→ **What is needed**: Look through the records below for the line holding "Archived webcam image". Write it out exactly, with each following line through the line holding "Everdine Wool Area".

→ **Material for this task**:
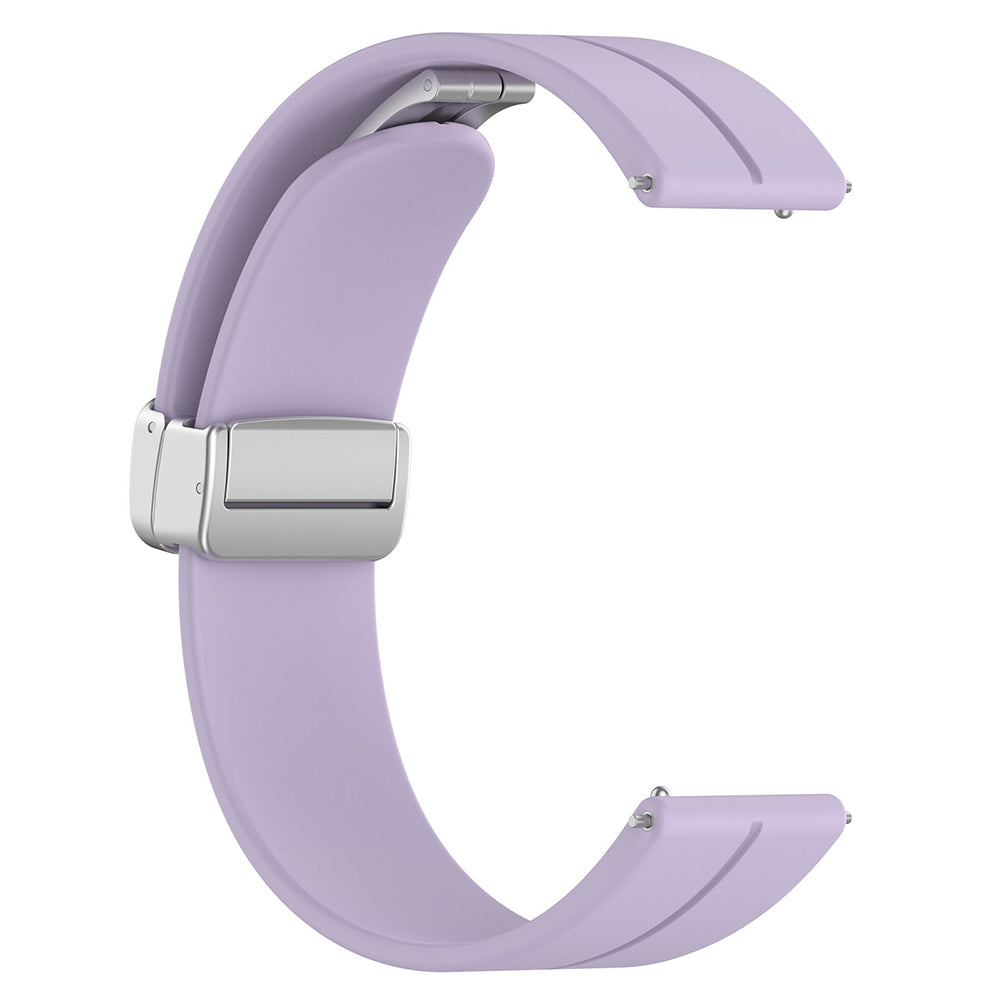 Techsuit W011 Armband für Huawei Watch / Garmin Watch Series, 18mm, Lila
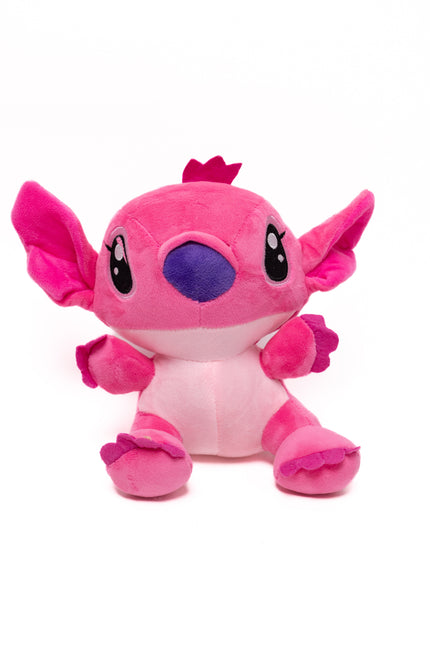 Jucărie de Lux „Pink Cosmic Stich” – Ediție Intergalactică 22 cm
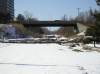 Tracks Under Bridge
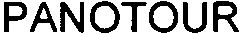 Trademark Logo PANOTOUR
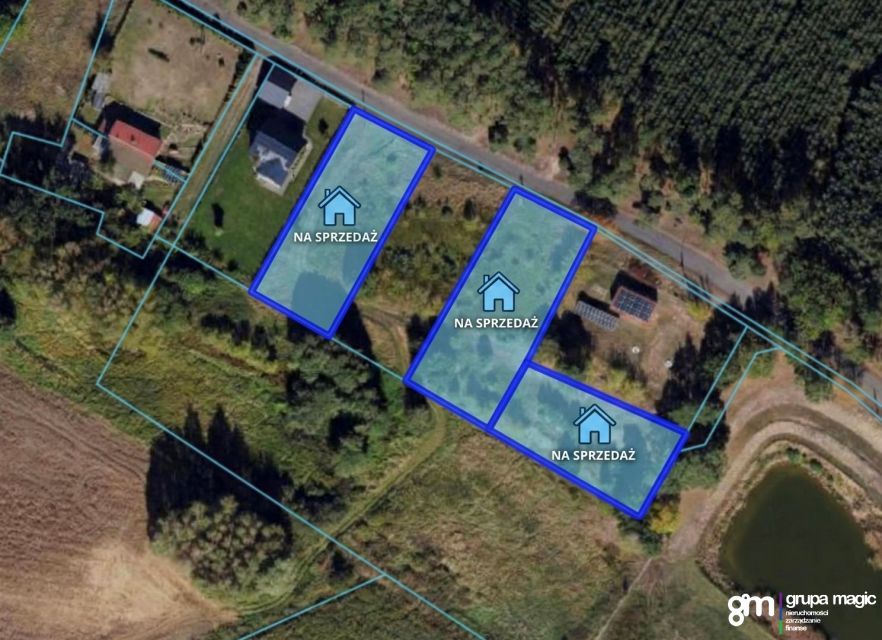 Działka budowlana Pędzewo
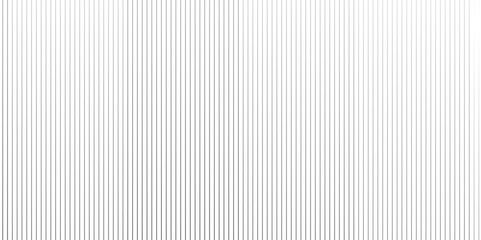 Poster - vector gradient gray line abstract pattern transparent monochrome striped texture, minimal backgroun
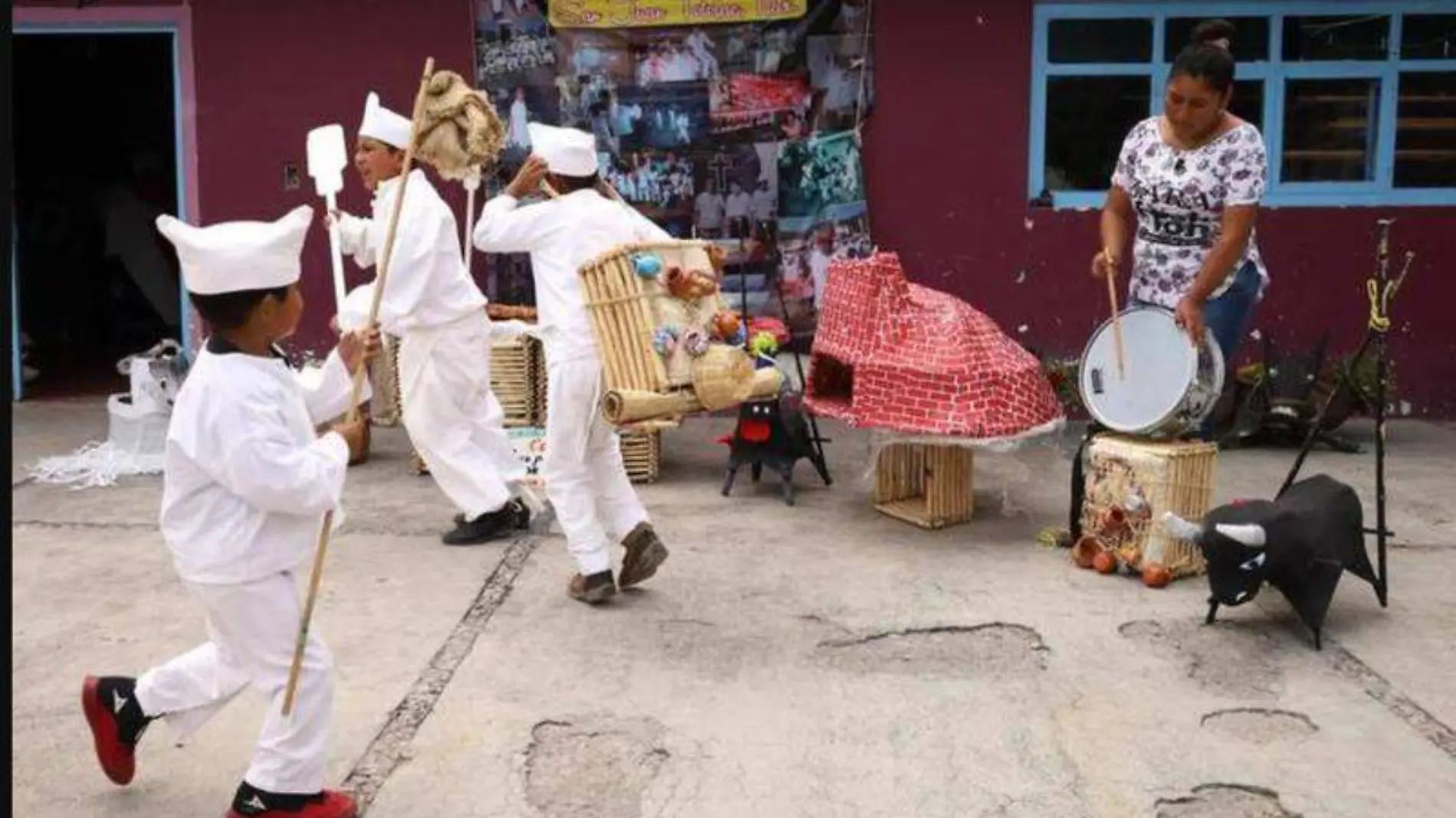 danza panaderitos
* * *
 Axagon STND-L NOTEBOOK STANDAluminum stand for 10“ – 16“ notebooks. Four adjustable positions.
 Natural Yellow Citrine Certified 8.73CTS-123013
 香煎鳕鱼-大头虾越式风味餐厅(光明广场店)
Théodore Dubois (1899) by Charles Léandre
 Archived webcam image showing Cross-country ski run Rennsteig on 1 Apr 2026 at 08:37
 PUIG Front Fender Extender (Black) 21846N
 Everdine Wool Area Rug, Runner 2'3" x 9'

→ **Solution to this exercise**:
 Archived webcam image showing Cross-country ski run Rennsteig on 1 Apr 2026 at 08:37
 PUIG Front Fender Extender (Black) 21846N
 Everdine Wool Area Rug, Runner 2'3" x 9'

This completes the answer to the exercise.